第7章 変化
帰路を急ぐ道すがら、エマにはどうしても気になる事があった。
「…ってかさ」
ちらっと自身とリヴァイの一歩後ろを歩く、ミケに視線をやった。そう…彼はランプを持っていないのだ。
リヴァイの手中にある灯りは低く、ミケの首元までしか照らされていない。首なしの屈強な大男。その姿には恐怖しか感じない。
「なんでミケはランプ持って来なかったの?怖いんだけど」
その言葉にリヴァイも後方を確認して…少しだけ目を見開いた。
今、リヴァイも絶対怖いと思った。間違いない。
「俺には必要ない」
後方の大男から『スンスン』と聞きなれた音が聞こえた。
一体、彼の鼻はどこまで便利なのか。
「……イヌみたい」
ボソッと出た言葉。しかし、それに反応したのは言われた本人ではなく、真横に立つ小柄な男。
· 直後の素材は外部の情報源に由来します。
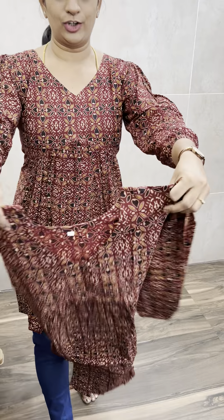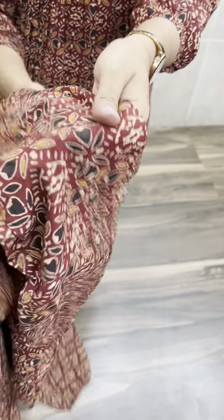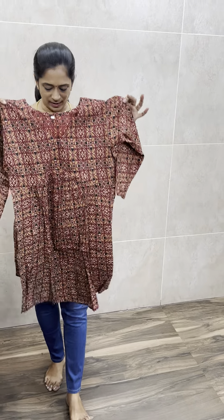It is a beautiful finish in the first portion. It is a printed fabric. It is a 3/4 sleeve. It is elastic. It is a casual finish. It is beautiful.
隣からのあからさまな視線に、そちらを向けば不機嫌そうなリヴァイの顔。
しまった。先程、彼には『ネコみたい』だと言ったばかりだ。
「あー。リヴァイはもうミケに匂い嗅がれた?あれ本当に止めて欲しいよね!」
「お前が言っているのは、今行われているコレの事か?」
リヴァイが指差しした先には、彼の頭上で鼻を動かすミケの姿が、ぼんやりと浮かび上がっている。
「うん。それだね」
もしかして先程の視線と表情は、イヌ・ネコうんぬんではなく、ミケの行為に対する物だったのだろうか?
どちらにしても、リヴァイは掴みずらい男。
細かい事を気にしなさそうでもあるし、気にしそうでもある。まだまだ分からない事ばかり。
「おい!こいついつまで嗅いでやがる。やめさせろ」
「んー?もうすぐ終わるから大丈夫だよ」
止めろ。と言ってどうなる事でもない。これはミケにとって、必要な儀式なのだ。